Instead, we use the CREATE TABLE
statement and supply it with a list of column headers and data types:
CREATE TABLE "the_table_name"(
"column_1" DATATYPE,
"column_2" ANOTHER_DATATYPE
);
For our current scenario, we need a table with 3 columns. If you're using the DB Browser for SQLite client, you can click on the Database Structure to see the structure of the babynames_2014
table:
You can guess there's only one thing we need to change for our current purpose. But re-type the CREATE TABLE
statement manually, you'll find it it's easier than it seems:
CREATE TABLE "babynames_1980"(
"name" TEXT,
"sex" TEXT,
"babies" INTEGER
);
Then execute it as you would any other query. Refreshing the database structure view should show a new table.
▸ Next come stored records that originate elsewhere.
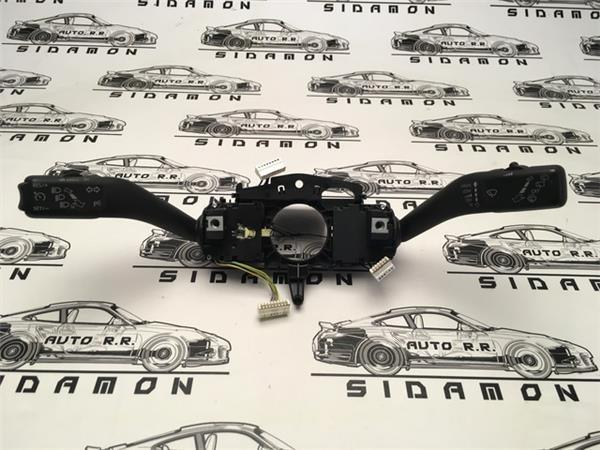 Palancas luces vw golf vi 5k0953507bc - 5k0953507bc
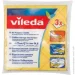 Vileda   4038  3 ./.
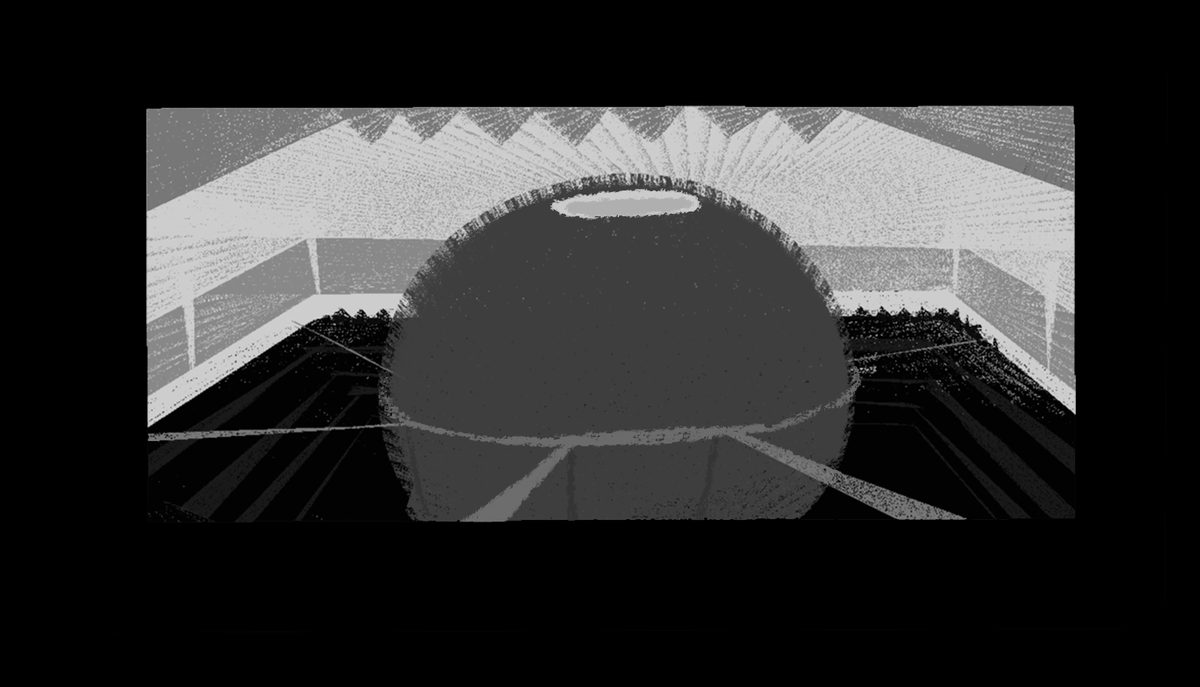 some thumbnails from the other day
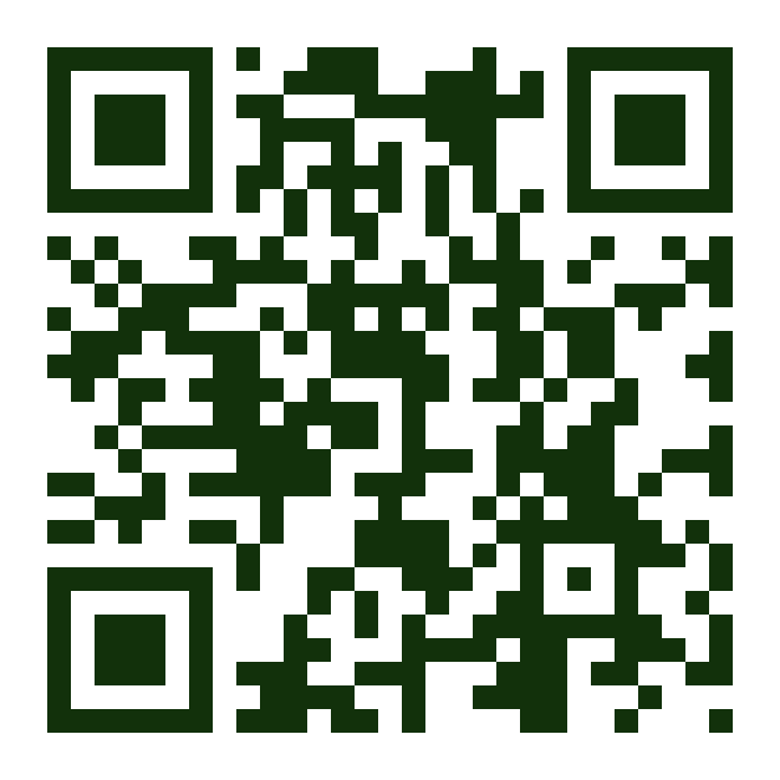 QR-код: Telegram-бот HR FREE BRAND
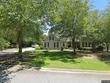 208 bentwood ln, columbia,  SC 29229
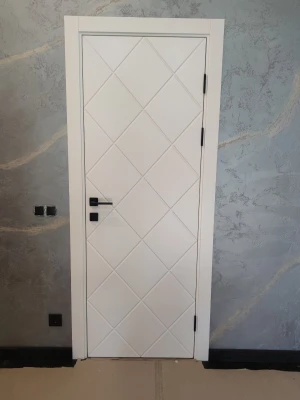Двери Modern EM 6 Family Doors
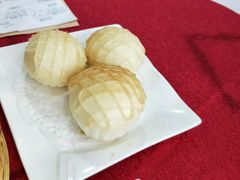 -鼎珑点心仔(燕塘店)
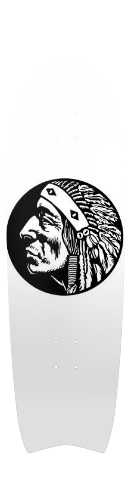 Design 13778 Skateboards, Longboards and Grip Tape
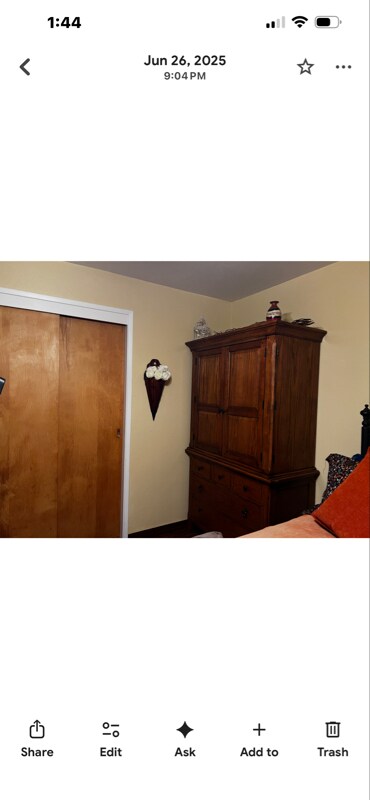 Foto del edificio - 2 W Campus Ave.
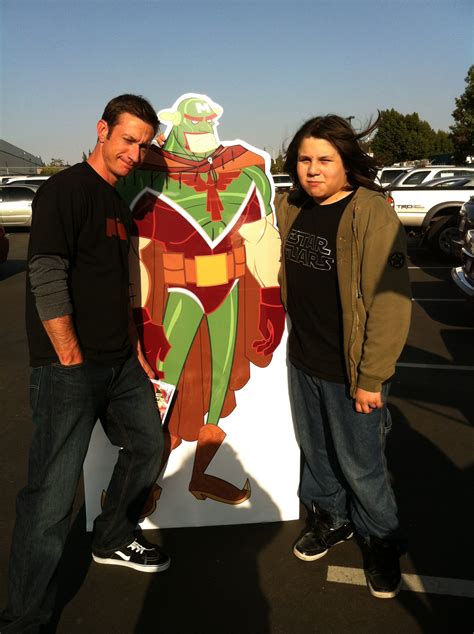 Frank sons business closures are impacting the local economy now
SQLite is pretty laid back about data types. Other flavors of SQL have many kinds of text and number data types. According to the SQLite documentation, there are only 5 official column types. And only 3 of these we currently care about:
INTEGER
- basically, whole numbers.REAL
- numbers with decimal places.TEXT
- Besides holding alphabetical and other kinds of textual characters. Any numbers in a TEXT
column are "converted into text form before being stored", though I honestly couldn't tell you what effect that will have in SQLite (other languages are much more pickier)…I don't think we need to focus too much on this right now. We can create tables in SQL, and there's a certain syntax for it. Refer back to the documentation when you need to, but creating tables is a relatively infrequent situation.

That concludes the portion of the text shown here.